◆ **Supplied data**:
┌──

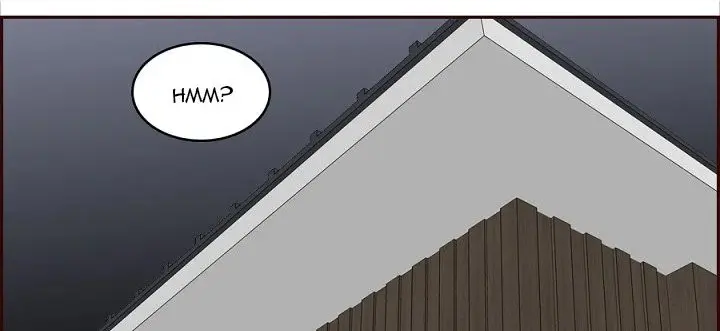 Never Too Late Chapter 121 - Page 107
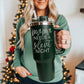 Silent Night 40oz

└──
┌──

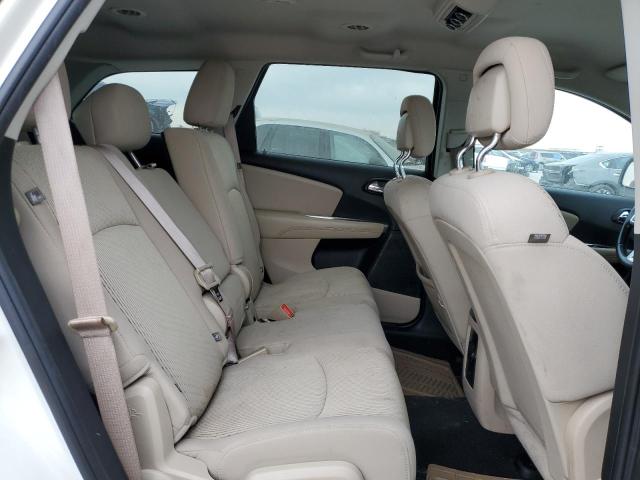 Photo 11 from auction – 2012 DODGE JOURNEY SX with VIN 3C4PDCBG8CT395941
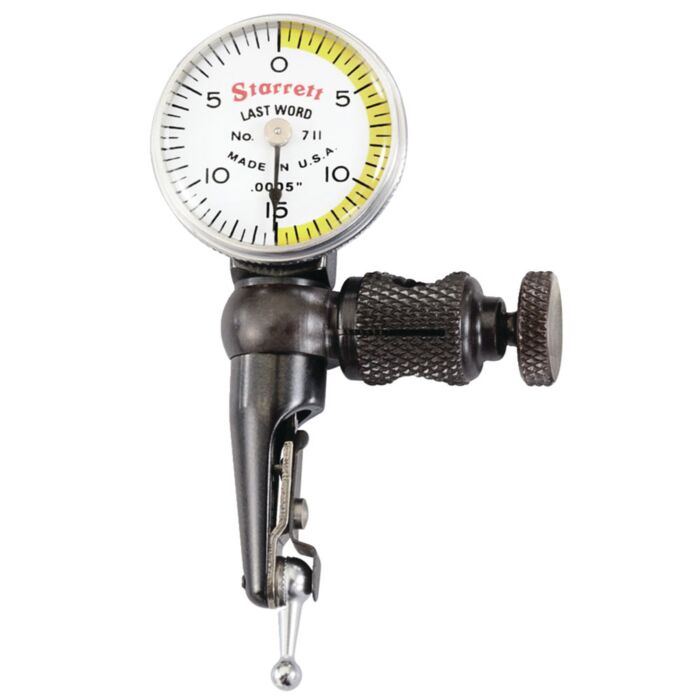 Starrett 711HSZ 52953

└──

◆ **Exercise details**: Give exactly the lines above that run from the line with "Never Too Late Chapter 121 - Page 107" to the line with "Silent Night 40oz", both included, leaving every picture out.

◆ **Solution to the problem**:
 Never Too Late Chapter 121 - Page 107
 Silent Night 40oz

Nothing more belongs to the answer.